Produce an exact transcription of the listing below, omitting the pictures.

▶ **COLLECTED DATA**:
----

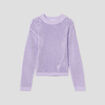 Pull ajouré col rond parme femme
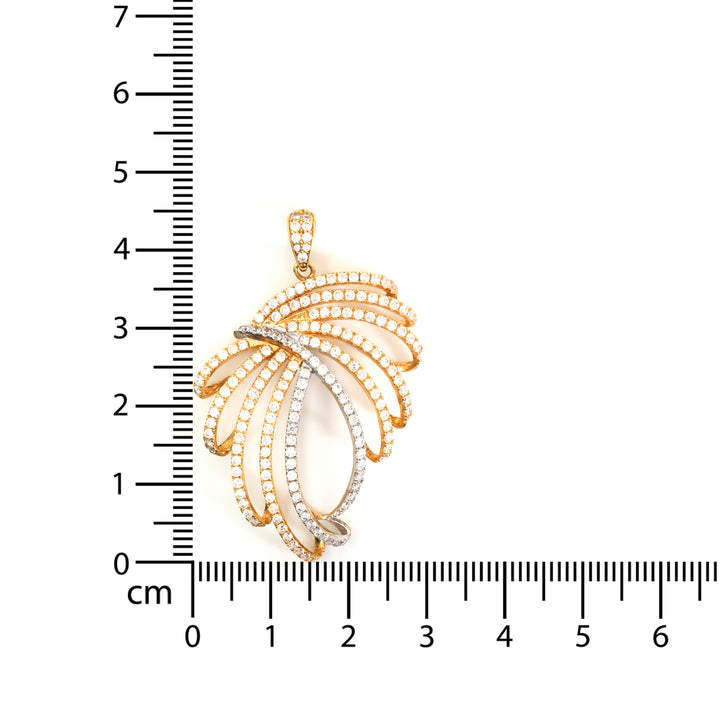 18K Two-Tone Gold Pendant – Sweeping Fan Swirl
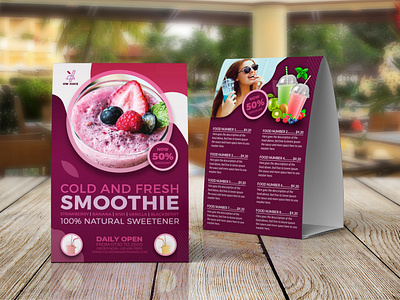 Smoothie Table Tent Menu Template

----

▶ **RESULT BELOW**:
 Pull ajouré col rond parme femme
 18K Two-Tone Gold Pendant – Sweeping Fan Swirl
 Smoothie Table Tent Menu Template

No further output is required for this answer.